The final agreement sees Greece remaining a member of the eurozone, confirming the political attachment member states have towards the integrity of the eurozone. The provocation by German finance minister Wolfgang Schaüble, could therefore be forgotten. The Greek debt will not be partially annulled, but payment could be rescheduled in line with the implementation of a new programme of economic reform which will be negotiated with the Greeks. The logic of previous programmes remains unchanged: new, drastic austerity measures will allow Greece to clear their primary surpluses, which will be sufficient to re-establish the solvency of the country. The revival of a 50 billion euro privatisation programme will allow accelerated debt reduction and guarantee new loans approved by creditors (probably in the range of 82 to 86 billion euros for the period 2015-2018).
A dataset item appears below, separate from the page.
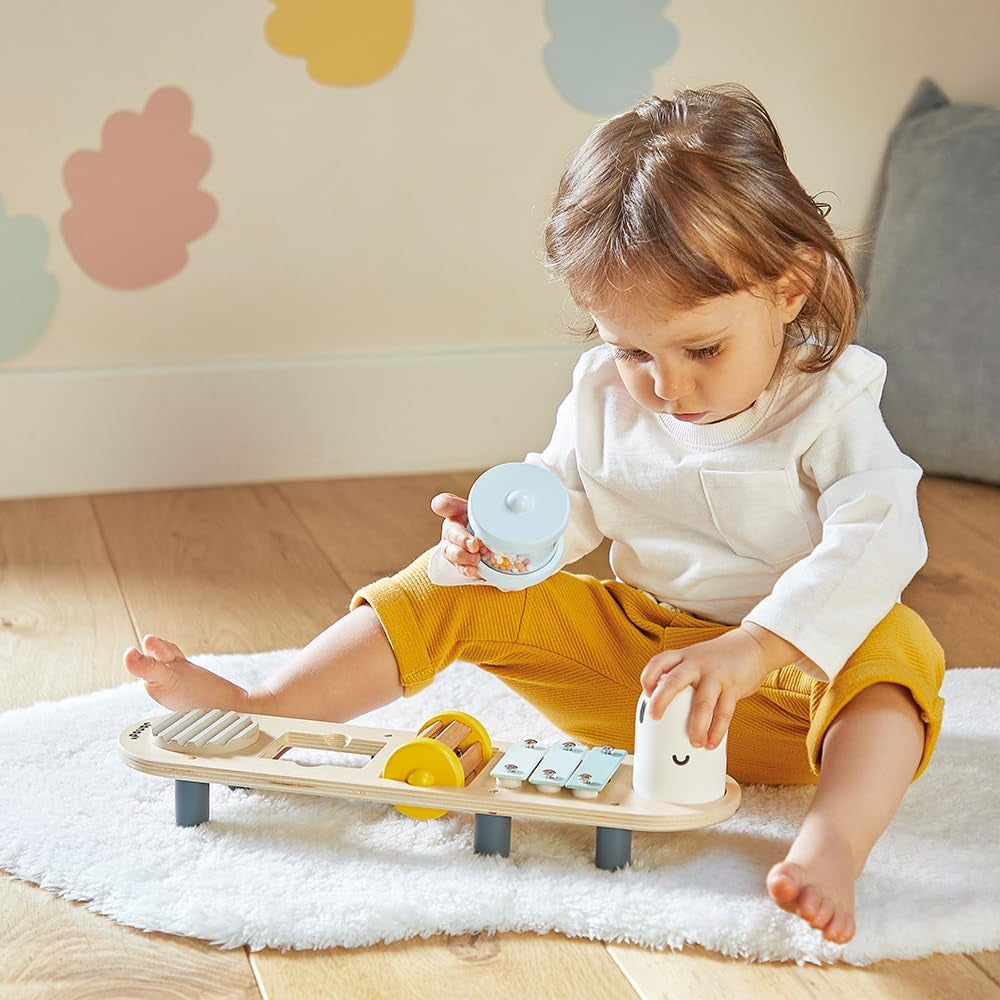 Janod – Musikstücke „Sweet Cocoon“ – 5 musikalische Aktivitäten für Kinder – Frühe musikalische Bildung – FSC-Holzspielzeug – Ab 12 Monaten, J04058 Babyspielzeug Naty Shop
From a certain point of view, the new conditions laid down by creditors following their financial aid to Greece could seem legitimate. Considering that the failure of previous programmes rests solely on Greece, who didn’t know how to implement the sufficient structural reforms in order to revive the economy, it is logical for creditors to demand strong additional guarantees and to reaffirm that there is no doubt that debts will be reduced. This interpretation of the crisis, supported by the German parliament, is betting on the fact that Greek economy will make a strong recovery, sufficient to repay the debt in full as soon as the necessary reforms are at last applied to areas such as taxes, the job market, the deregulation of the markets, privatisation, fighting corruption, the de-politicisation of administration… To succeed, Monday’s agreement will have to all but put the country’s authorities under full supervision: the return of teams of ‘Troika’ experts to Athens, the right to veto ‘institutions’ on any new law, the abandonment of any laws adopted by the Syriza government since January without creditors’ agreement, the ‘technical aid’ of the European Commission meaning de facto the implication of European authorities in the management of Greek public affairs… If the modernisation of Greece is the only condition truly necessary to keep it in the eurozone and repay its loans from creditors, then why not push the reforms, even at the price of the temporary suspension of the sovereignty of the Greek people?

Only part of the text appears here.